ここでは小澤は伴奏に徹しています。この当時スピウァコフは、まだヴァイオリニストのウェイトが高かったのですが、自らも指揮者をしていたのでそれに遠慮したのかもしれません。ここではチャイコフスキーコンクールでクレーメルに敗れた後遺症は感じられません。生きのいいチャイコフスキーを聴かせてくれます。小澤もサポートに徹して、無理に前へ出ようとはしていません。そういう意味では小澤を聴こうとすると失望するのですがも協奏曲としての楽しみ方は充分出来ます。
スピウァコフはそんな伴奏に乗って実に伸び伸びと弾きあげています。さすがお国ものという感じで美音たっぶりに自分のペース、テンポで一気呵成に突き進んでいきます。せかせかした所も無く、十二分にチャイコフスキー節を響かせます。まあ、2度目の録音ということでゆとりもあるんでしょうね。
併録の「イタリア奇想曲」もバランスのあまりよくない録音で高音がぎらつき低音不足という中での演奏になっています。小澤はこの後DGに同曲をベルリンフィルと録音しています。とるならそちらの方がいいでしょうね。3曲目の「フランチェスカ・ダ・リミニ」は好演ですが、曲が曲だけに退屈です。

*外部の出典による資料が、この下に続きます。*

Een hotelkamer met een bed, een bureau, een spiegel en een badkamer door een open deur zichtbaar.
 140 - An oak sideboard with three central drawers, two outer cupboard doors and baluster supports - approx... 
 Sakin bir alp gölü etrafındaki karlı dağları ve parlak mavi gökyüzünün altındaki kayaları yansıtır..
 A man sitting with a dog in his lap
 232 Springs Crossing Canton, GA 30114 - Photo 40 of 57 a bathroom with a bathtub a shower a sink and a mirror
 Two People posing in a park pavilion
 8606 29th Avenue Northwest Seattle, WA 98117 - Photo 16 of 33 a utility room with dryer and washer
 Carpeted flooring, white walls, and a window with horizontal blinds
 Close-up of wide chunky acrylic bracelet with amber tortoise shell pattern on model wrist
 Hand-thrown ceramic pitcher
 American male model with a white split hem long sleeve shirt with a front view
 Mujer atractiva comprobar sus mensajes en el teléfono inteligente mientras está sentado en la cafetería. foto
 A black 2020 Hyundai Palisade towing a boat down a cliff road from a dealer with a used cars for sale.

チャイコフスキーって名作と駄作のギャップが結構ありますね。多分、チャイコフスキーの管弦楽曲全集なんてのはどこのレコード会社もやってないのではないでしょうか。以前、VOXがそれなりの企画で録音していましたがとても、全曲には至らなかったと思います。まあ、勢いでやってくれそうなのは今ならNAXOSぐらいでしょうか。
ということで、この録音はスピウァコフを聴くもので小澤に期待してはいけないようです。